This site uses Linq-to-SQL I believe, and it's 'fairly' high traffic... I think that the time you save from writing the boiler plate code to access/insert/update simple items is invaluable, but there is always the option to drop down to calling a SPROC if you have something more complex, where you know you can write some screaming fast SQL directly.
I don't think that these things have to be mutually exclusive - use the advantages of both, and if there are sections of your application that start to slow down, then you can optimise as you need to.
ORM is far older than both Java and .NET. The first one I knew about was TopLink for Smalltalk. It's an idea as old as persistent objects.
Every "CRUD on the web" framework like Ruby on Rails, Grails, Django, etc. uses ORM for persistence because they all presume that you are starting with a clean sheet object model: no legacy schema to bother with. You start with the objects to model your problem and generate the persistence from it.
It often works the other way with legacy systems: the schema is long-lived, and you may or may not have objects.
It's astonishing how quickly you can get a prototype up and running with "CRUD on the web" frameworks, but I don't see them being used to develop enterprise apps in large corporations. Maybe that's a Fortune 500 prejudice.
Database admins that I know tell me they don't like the SQL that ORMs generate because it's often inefficient. They all wish for a way to hand-tune it.
I agree with most points already made here.
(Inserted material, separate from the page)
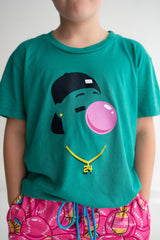 Kids summer baseball outfit teal graphic tee with bubble gum design and pink baseball shorts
ORM's are not new in .NET, LLBLGen has been around for a long time, I've been using them for >5 years now in .NET.
I've seen very bad performing code written without ORMs (in-efficient SQL queries, bad indexes, nested database calls - ouch!) and bad code written with ORMs - I'm sure I've contributed to some of the bad code too :)
What I would add is that an ORM is generally a powerful and productivity-enhancing tool that allows you to stop worrying about plumbing db code for most of your application and concentrate on the application itself. When you start trying to write complex code (for example reporting pages or complex UI's) you need to understand what is happening underneath the hood - ignorance can be very costly. But, used properly, they are immensely powerful, and IMO won't have a detrimental effect on your apps performance. I for one wouldn't be happy on a project that didn't use an ORM.
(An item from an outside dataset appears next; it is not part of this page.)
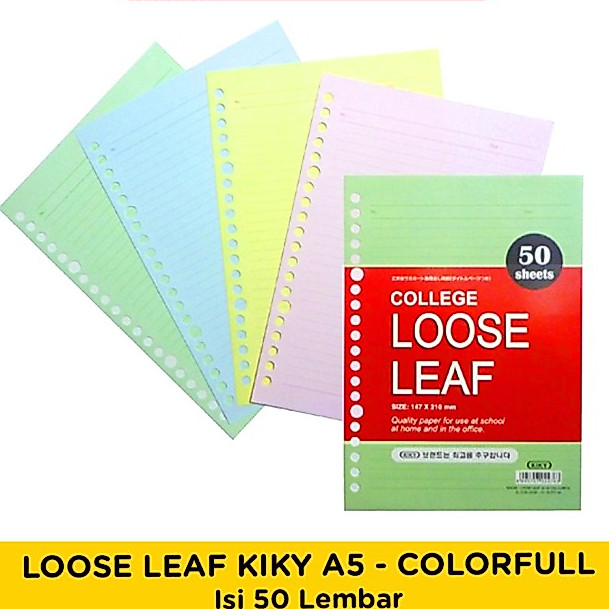 LOOSE LEAF / REFILL BINDER A5 50 COLOURFUL KIKY (PACK)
Programming is about writing software for business use. The more we can focus on business logic and presentation and less with technicalities that only matter at certain points in time (when software goes down, when software needs upgrading, etc), the better.
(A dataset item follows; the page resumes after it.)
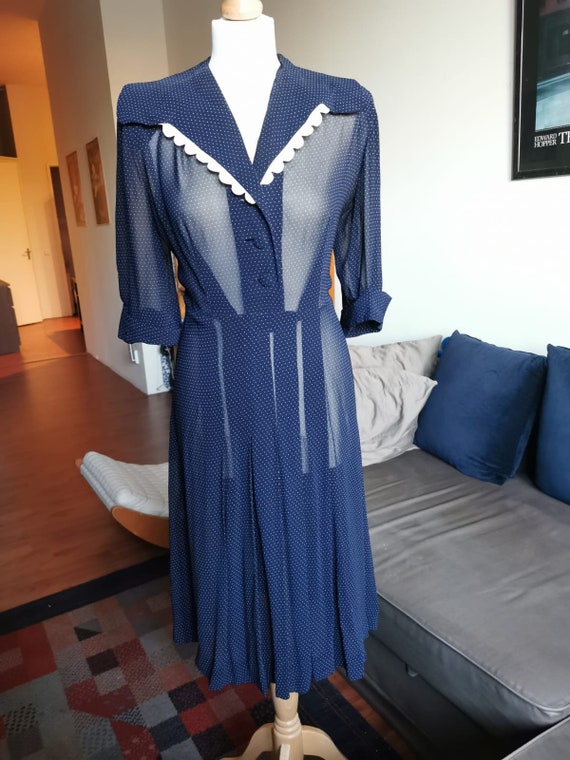 1940's navy dot chiffon dress L large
Recently I read about talks of scalability from a Reddit founder, from here, and one line of him that caught my attention was this:
"Having to deal with the complexities
of relational databases (relations,
joins, constraints) is a thing of the
past."
From what I have watched, maintaining a complex database schema, when it comes to scalability, becomes a major pain as the site grows (you add a field, you reassign constraints, re-map foreign keys...etc). It was not entirely clear to me as to why is that. They're not using a NOSQL database though, they're in Postgres.
Add to that, here comes ORM, another layer of abstraction. It simplifies code writing, but almost often at a performance penalty. For me, a simple database abstraction library will do, much like lightweight AR libs out there together with database-specific "plain text" queries. I can't show you any benchmark but with the ORMs I have seen, most of them say that "ORM can often be slow".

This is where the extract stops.